If you’ve installed solar panels on your roof and feel aglow with environmental virtue, you may be in for a rude awakening. There’s a good chance someone else has purchased your halo and is wearing it right now.
In most states (including California), rooftop solar panels earn Renewable Energy Certificates, which quantify how much clean electricity they produce. But if panels are leased or installed under a power purchase agreement, it’s the “third-party owner” — not the homeowner — who gets those certificates. Most then turn around and sell the RECs, a process that magically turns brown electrons green.
Here’s how it works: Joe’s Solar puts panels on your roof that produce 7,500 kilowatt-hours a year, and Joe sells you the electricity under a power purchase agreement. Because Joe still owns the panels, he gets credit — in the form of RECs — for that renewable electricity. Meanwhile, Bob’s all-fossil utility wants to “green up” so it buys RECs from Joe. That allows Bob to relabel 7,500 kilowatt-hours of his coal- or gas-fired power generation as “renewable energy.”

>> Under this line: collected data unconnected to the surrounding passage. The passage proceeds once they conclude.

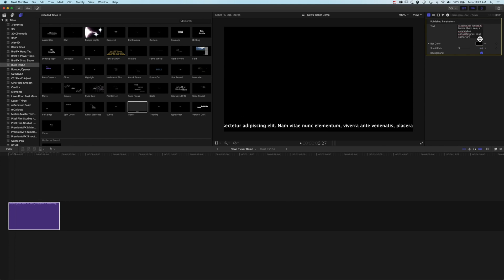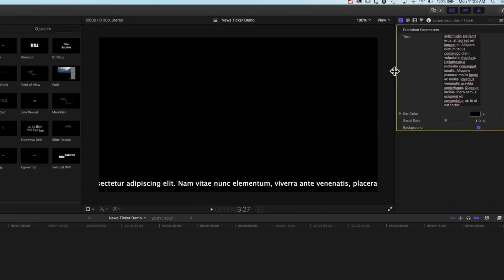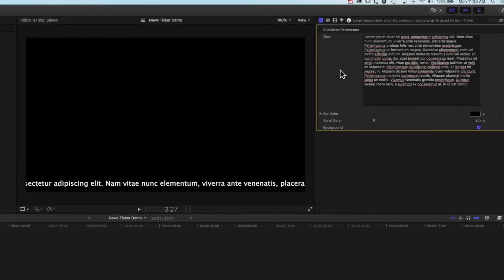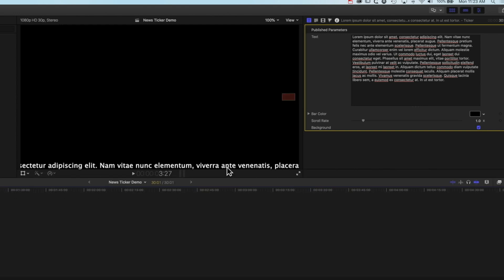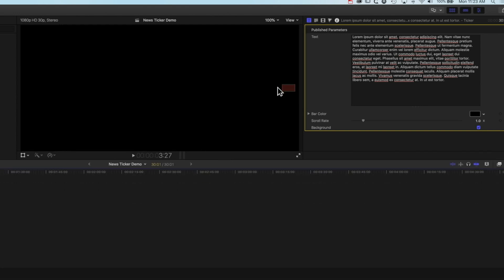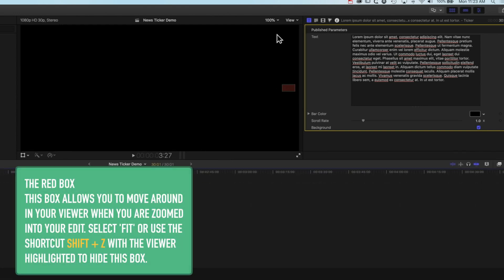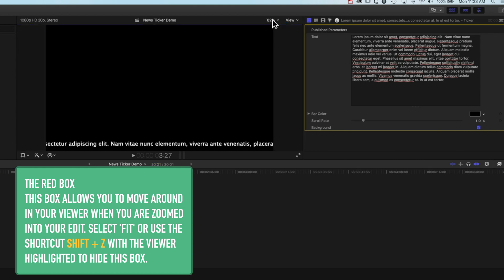If you want to see a bit more of your type you can always stretch this out so you can see and edit a bit more of the type. I'm actually viewing things at 100% here, so when I make my window a bit smaller I get this red box which often pops up when you're editing. We can just choose 'Fit' as our option and that will disappear.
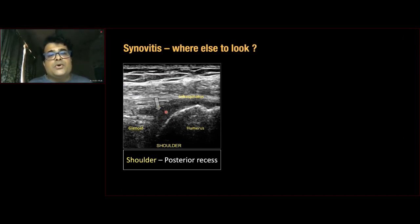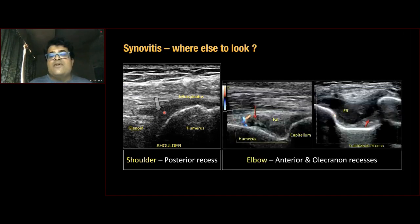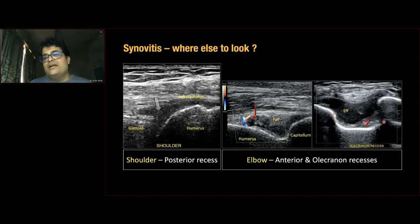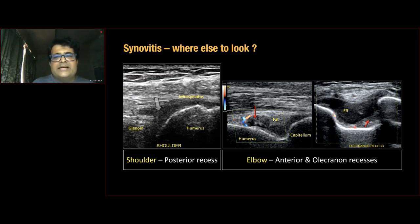For the shoulder, look for synovitis in the posterior joint recess between the glenoid and humerus. For the elbow, look in the anterior joint recess — shown here is the humerus with an anterior fat pad and joint effusion with synovial hypertrophy. Posteriorly, the olecranon fossa shows effusion and anterior displacement of the posterior fat pad with mild synovial hypertrophy. These are relatively easy joints to scan.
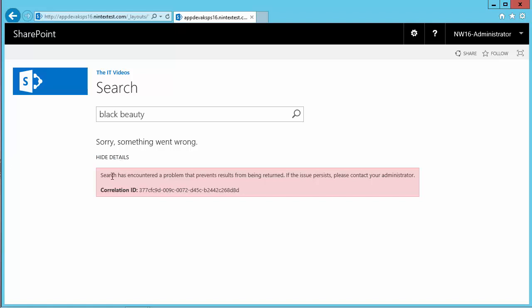It looks like something went wrong. The error is different from the previous one — it now says 'Search has encountered a problem that prevents results from being returned.' That is progress, at least: it is no longer saying it cannot connect to the search service. It can connect now, but something is preventing results from being returned. We'll fix this in the next video.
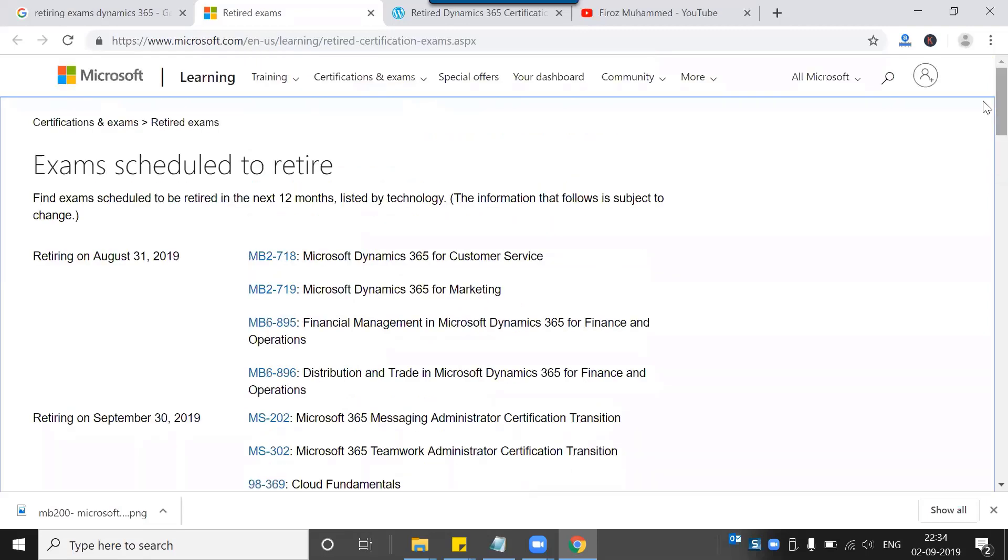In another video I'm talking about the new certifications that Microsoft has launched on Dynamics 365 unified operations as well as customer engagement.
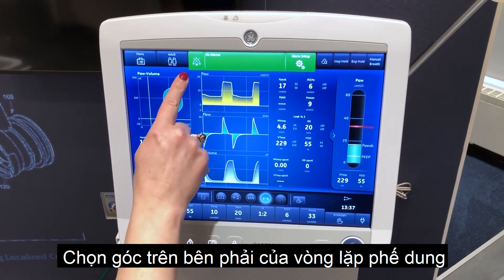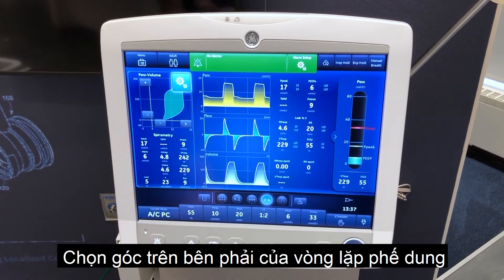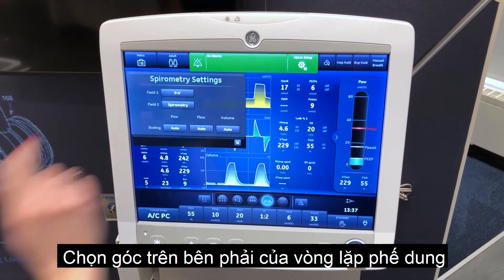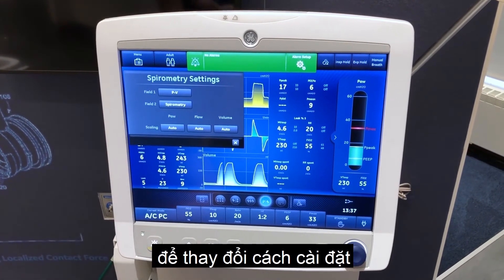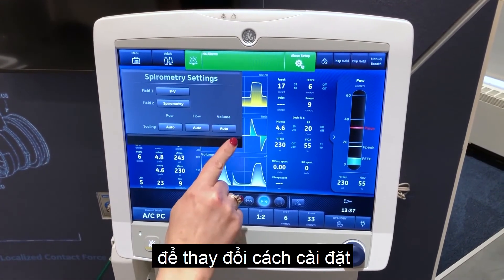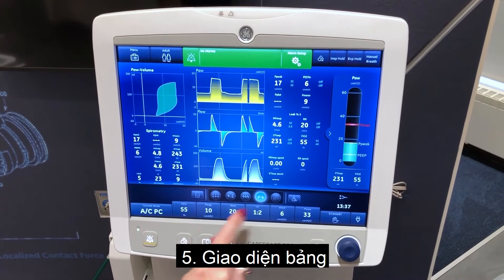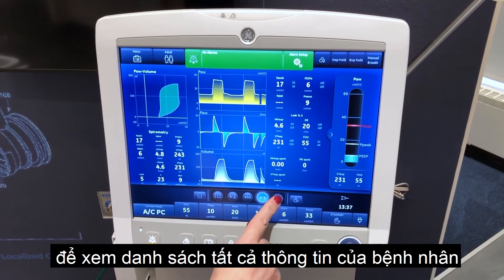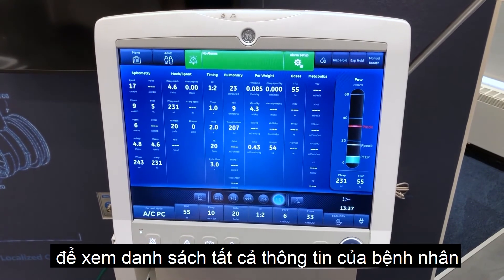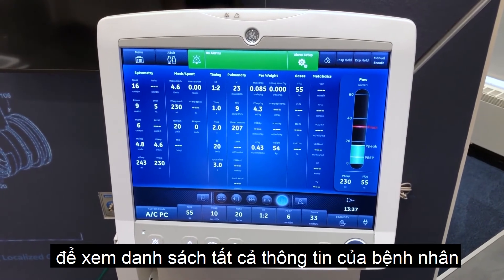Select the upper right corner of the spirometry waveform to change settings. Charting view to see a complete list of patient data.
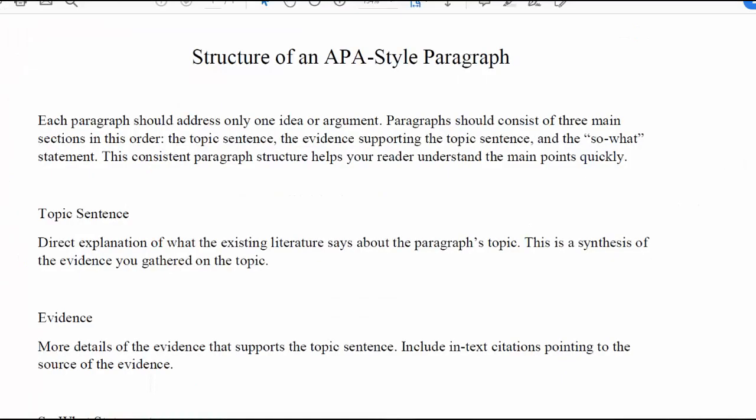Hello everyone. If you've reached the point in the process where you're ready to begin writing, you've accomplished a lot. You've chosen an interesting topic, created a dynamic outline, searched for information, and synthesized what you found. Now you're ready to think about writing in the APA style.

It may sound strange, but a market to sell or trade RECs can be extremely useful. California, for instance, has a mandate for its utilities to generate 33% renewable power by 2020, but some parts of the state have little sun or wind resources. Still, utilities in sunny or windy spots can produce more than their requirement and then sell the extra RECs to areas where it would be much more costly, or impossible, to hit the target. Thus, the RECs market allows a utility in one region to finance additional green energy production in another where it is cheaper, supporting more carbon reduction at a lower cost to consumers.
That seems sensible enough. But something’s wrong if the buying and selling utility companies both claim that green power as their own. And that’s essentially what’s been going on with solar rooftops.